YOUR INSTRUCTIONS: Write out again the lines from the line with "Náměstí, koste sv. Markéty" up to and including the line with "HYUNDAI I30 II", exactly as they stand below, and skip any picture.

TASK DATA:
━━━
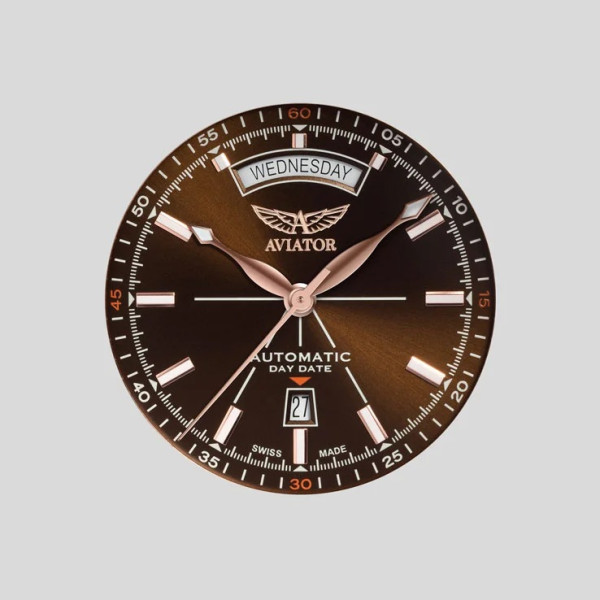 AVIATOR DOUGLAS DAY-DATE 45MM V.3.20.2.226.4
━━━
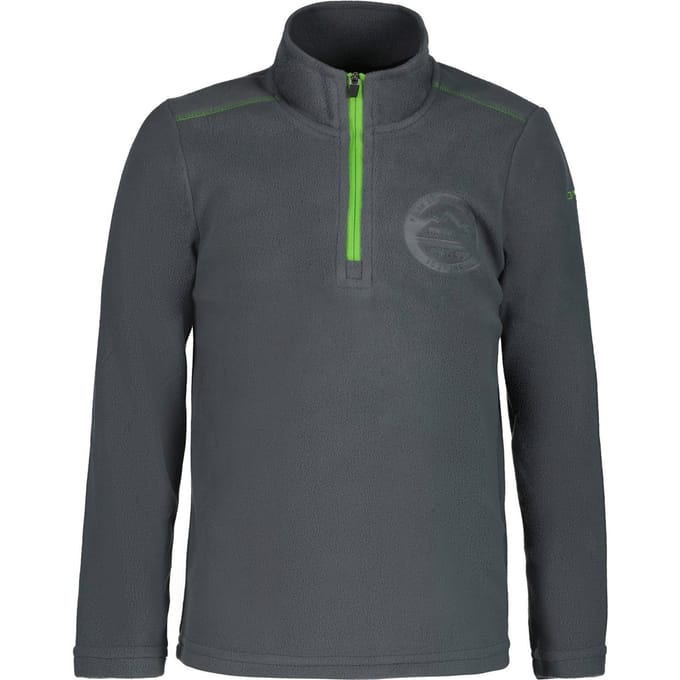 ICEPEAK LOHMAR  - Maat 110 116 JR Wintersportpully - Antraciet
━━━
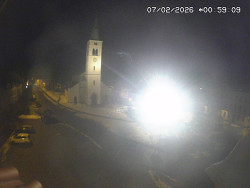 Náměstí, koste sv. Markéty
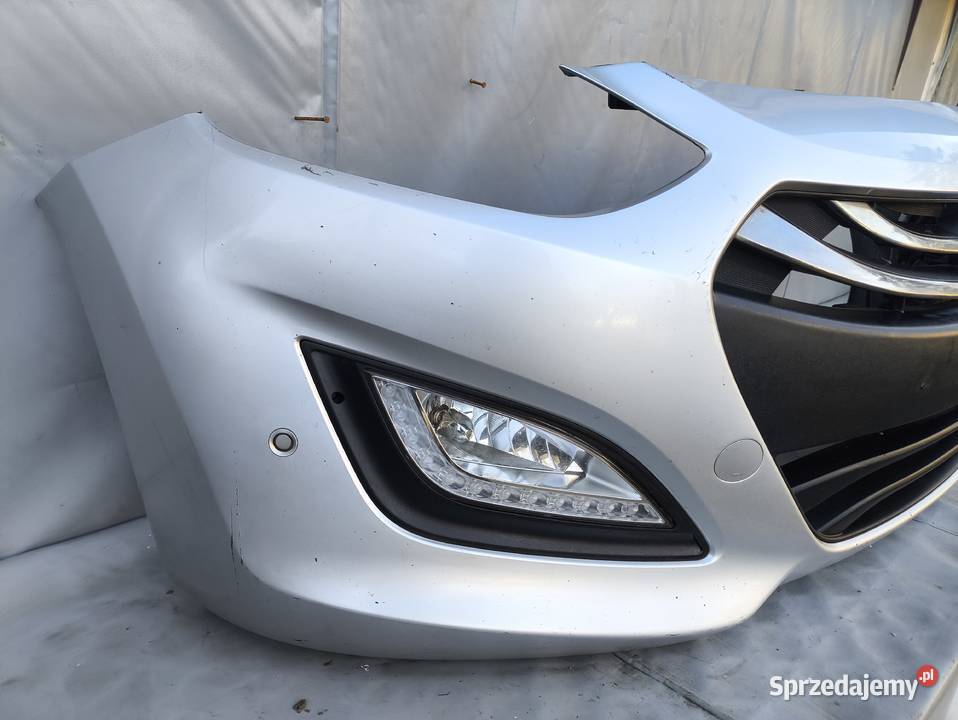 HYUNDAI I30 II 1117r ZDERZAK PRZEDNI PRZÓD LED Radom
━━━
FINISHED TASK:
 Náměstí, koste sv. Markéty
 HYUNDAI I30 II 1117r ZDERZAK PRZEDNI PRZÓD LED Radom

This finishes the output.